Every year, thousands of people around the world get together to clean up the plastic waste that washes onto beaches. For the past years, worldwide clean-ups were mobilised by #breakfreefromplastic, which is a global movement envisioning a future free from plastic pollution. Break Free From Plastic (BFFP) initiated the #BrandAudit to hold corporations accountable for their part in plastic pollution. This year, with 72,541 volunteers in 51 countries, they successfully collected nearly 500,000 pieces of plastic, of which 43 percent are marked clearly with a brand.

Top polluting brands

The BFFP’s brand audit project wants to hold corporations accountable for their obligation towards the real solutions for plastic pollution. Together with Greenpeace Philippines, they published a 2019 report titled, ‘Branded: Identifying the world’s top corporate plastic polluters, vol.2’. The report found that big corporations such as Coca-Cola, Nestlé and PepsiCo are among the world’s most polluting brands. Coca Cola is the top global polluter with a total of 11,732 Coke branded plastics found in 37 countries across four continents.
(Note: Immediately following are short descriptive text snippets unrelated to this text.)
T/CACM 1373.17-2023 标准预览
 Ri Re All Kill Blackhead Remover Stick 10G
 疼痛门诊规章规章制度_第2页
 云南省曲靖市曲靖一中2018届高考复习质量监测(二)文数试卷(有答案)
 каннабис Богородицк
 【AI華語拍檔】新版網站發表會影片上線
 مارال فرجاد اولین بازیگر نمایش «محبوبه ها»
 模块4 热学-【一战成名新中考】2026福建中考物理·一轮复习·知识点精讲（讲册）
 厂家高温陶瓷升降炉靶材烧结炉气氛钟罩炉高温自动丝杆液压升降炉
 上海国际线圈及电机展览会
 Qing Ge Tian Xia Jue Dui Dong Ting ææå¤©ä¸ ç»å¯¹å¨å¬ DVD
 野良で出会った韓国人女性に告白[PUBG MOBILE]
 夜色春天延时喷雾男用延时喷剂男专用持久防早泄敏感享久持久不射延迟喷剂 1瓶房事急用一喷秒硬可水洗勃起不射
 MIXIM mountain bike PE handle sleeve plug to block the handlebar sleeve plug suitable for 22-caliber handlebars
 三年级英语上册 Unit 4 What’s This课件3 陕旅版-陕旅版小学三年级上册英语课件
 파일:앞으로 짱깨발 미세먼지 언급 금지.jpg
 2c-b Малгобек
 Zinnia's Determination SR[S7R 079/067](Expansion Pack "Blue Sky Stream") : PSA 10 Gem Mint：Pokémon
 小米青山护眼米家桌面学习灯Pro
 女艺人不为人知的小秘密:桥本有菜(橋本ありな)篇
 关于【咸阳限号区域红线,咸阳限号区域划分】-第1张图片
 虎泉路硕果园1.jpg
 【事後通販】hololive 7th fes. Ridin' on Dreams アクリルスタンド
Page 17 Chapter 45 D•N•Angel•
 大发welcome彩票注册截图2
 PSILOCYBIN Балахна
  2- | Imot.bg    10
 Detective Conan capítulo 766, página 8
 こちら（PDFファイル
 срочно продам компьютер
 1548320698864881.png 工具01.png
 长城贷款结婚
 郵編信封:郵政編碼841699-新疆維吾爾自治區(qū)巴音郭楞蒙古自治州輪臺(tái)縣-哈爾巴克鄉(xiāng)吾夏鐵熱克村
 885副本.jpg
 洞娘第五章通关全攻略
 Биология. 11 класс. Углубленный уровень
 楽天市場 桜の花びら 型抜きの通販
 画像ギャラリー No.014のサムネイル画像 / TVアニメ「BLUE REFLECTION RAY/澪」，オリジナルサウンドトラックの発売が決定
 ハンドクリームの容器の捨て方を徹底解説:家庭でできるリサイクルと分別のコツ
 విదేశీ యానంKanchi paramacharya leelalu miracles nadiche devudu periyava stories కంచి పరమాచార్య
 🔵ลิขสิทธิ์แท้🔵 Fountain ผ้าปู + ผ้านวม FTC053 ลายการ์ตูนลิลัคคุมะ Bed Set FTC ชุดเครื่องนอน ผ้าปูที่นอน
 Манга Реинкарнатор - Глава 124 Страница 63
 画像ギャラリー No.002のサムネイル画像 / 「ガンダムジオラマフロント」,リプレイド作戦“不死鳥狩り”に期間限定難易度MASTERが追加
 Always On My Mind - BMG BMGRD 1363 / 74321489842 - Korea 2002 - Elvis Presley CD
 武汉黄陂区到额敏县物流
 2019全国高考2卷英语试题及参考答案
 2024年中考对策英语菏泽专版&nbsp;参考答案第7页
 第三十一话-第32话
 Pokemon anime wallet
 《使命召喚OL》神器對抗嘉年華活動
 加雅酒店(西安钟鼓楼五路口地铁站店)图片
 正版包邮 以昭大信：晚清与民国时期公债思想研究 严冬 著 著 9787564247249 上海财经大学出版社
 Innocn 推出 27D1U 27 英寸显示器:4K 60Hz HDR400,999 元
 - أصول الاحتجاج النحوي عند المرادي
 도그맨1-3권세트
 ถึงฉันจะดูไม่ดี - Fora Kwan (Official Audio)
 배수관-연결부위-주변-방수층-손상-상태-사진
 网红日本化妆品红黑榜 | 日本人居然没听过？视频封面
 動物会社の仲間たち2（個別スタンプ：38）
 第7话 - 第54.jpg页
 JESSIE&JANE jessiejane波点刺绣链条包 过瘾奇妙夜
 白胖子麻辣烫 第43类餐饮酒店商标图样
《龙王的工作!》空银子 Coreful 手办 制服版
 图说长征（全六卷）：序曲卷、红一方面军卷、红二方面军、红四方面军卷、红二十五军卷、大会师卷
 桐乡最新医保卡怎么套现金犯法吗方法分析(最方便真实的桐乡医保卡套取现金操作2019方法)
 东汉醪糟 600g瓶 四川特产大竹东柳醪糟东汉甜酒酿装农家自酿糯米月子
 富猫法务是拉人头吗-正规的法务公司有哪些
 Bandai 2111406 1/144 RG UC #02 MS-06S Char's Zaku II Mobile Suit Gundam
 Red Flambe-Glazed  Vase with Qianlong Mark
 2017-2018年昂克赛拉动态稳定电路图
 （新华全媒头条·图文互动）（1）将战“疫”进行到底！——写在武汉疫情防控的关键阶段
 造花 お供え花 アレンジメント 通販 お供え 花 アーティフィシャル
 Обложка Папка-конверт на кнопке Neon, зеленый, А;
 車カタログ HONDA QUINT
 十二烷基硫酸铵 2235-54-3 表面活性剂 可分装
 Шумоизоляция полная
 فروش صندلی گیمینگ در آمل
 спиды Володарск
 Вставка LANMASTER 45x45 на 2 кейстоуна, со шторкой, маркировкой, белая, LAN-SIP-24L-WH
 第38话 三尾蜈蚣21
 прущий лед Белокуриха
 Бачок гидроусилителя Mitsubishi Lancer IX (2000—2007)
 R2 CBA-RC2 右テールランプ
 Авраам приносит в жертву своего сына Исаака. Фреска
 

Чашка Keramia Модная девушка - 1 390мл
The BFFP report also showed that Nestlé ranked second among the top polluters. Nestlé is one of the biggest fast-moving consumers goods (FMCG) corporations in the world, with a massive plastic footprint. Greenpeace International has urged Nestlé to end its reliance on throwaway packaging and invest in reusable and refillable products.

Emma Priestland, #breakfreefromplastic Corporate Campaign Coordinator, said that they face a pervasive problem of plastic pollution every time they do clean-ups. Through brand auditing, they “can expose and challenge the real drivers of this crisis, especially the companies who keep marketing and selling their products in disposable, throwaway packaging.” Priestland adds that corporations need to take responsibility for their mess.

Coca-Cola

All efforts to reduce plastic pollution is impossible without big corporations making major changes to how they produce their products.

Coca-Cola recently unveiled a single-use plastic bottle made using recovered marine plastics. Advances in technology have given ways to strip out impurities and recycle lower-grade materials. The company produced sample bottles using 25 percent recycled marine plastics.

Dr Ben Jordan, Coca-Cola Company’s senior director of environmental policy, told regional media that the issue of packaging waste is a threat to the planet. “The world has a packaging problem, and we – like other companies – have a responsibility to help solve it and ensure bottles and cans don’t end up where they don’t belong,” said Jordan, adding that the company wants to part of the solution and not just the problem.

While technology has significant potential, the company’s effort is too small in the face of inherent catastrophe. Initiatives focusing on making packaging recyclable or compostable do not get to the heart of the problem and will not stop Coke’s growing plastic pollution. It will, however, reinforce the myth that plastic is sustainable.

Recycling not the answer

For years the plastic industry has tried to promote the idea that if only we just recycled better, we would solve the problem of plastic pollution. Unfortunately, recycling is not the best answer. Oceana claims that only nine percent of all plastics produced since 1950 have been recycled.

The real issue is the throwaway culture, which is at the core of the company’s business model. According to BFFP, over the next 10 years, plastic production is expected to increase by 40 percent and packaging accounts for one-third of the total.

“Corporations must own up to the plastic pollution that they are causing,” Daru Rini of Indonesia-based Ecoton told the Plastic Pollution Coalition, a founding member of the BFFP. Rini adds that “these corporations are the ones making profits out of this throwaway packaging, while at the same time polluting developing countries and calling us the world’s biggest polluters.”

Throwaway and single-use packaging is a problem as it is designed to end up as waste and pollution the minute they are made. It should be corporate polluters who must change their production methods and adopt sustainable solutions to stop the crisis. As long as single-use, unrecyclable and non-essential plastics are produced and are still available for consumers to buy, all efforts of recycling will be for nought.